### The problem
Output every record exactly, apart from its images.

- Opening Delimiter -

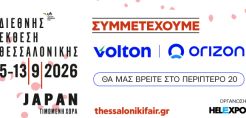 Αύριο το Webinar για τον κομβικό ρόλο των ΦΟΣΕ στην ευρωπαϊκή και ελληνική ενεργειακή αγορά 
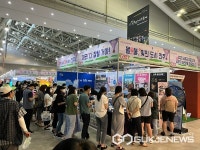 문화 예술의 도시 진주, 관광산업 부흥 전략적 마케팅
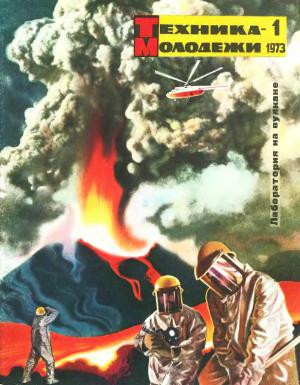 Савва Рышард - Третий параграф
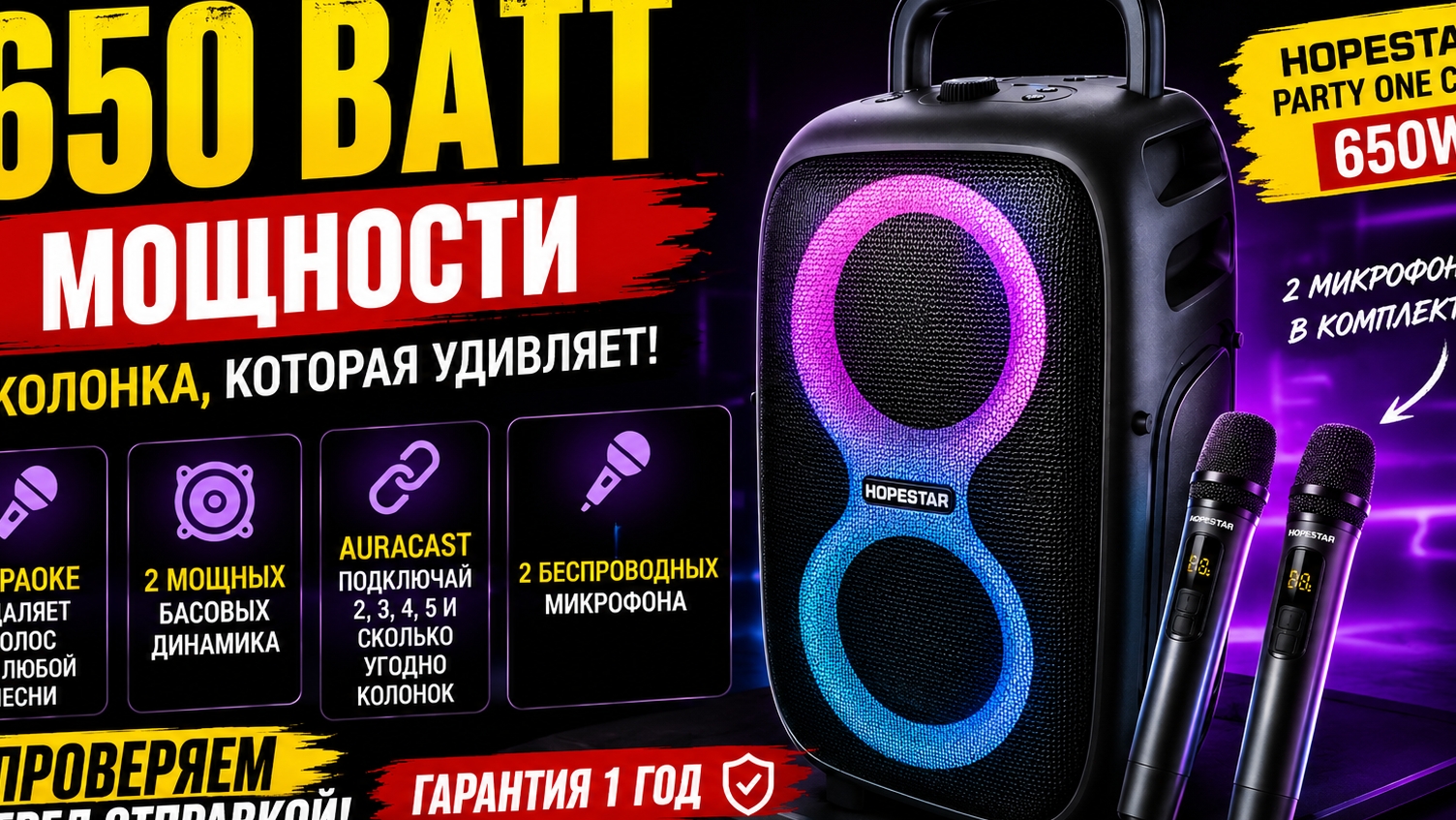 HOPESTAR PARTY ONE CLUB 650 Ватт Синего цвета с 2 Микрофонами ✅ Обзор из Москвы в Волгоград 🔥 смотреть онлайн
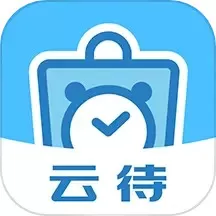 云待商城官网版app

- Closing Delimiter -

### Response to the exercise
 Αύριο το Webinar για τον κομβικό ρόλο των ΦΟΣΕ στην ευρωπαϊκή και ελληνική ενεργειακή αγορά 
 문화 예술의 도시 진주, 관광산업 부흥 전략적 마케팅
 Савва Рышард - Третий параграф
 HOPESTAR PARTY ONE CLUB 650 Ватт Синего цвета с 2 Микрофонами ✅ Обзор из Москвы в Волгоград 🔥 смотреть онлайн
 云待商城官网版app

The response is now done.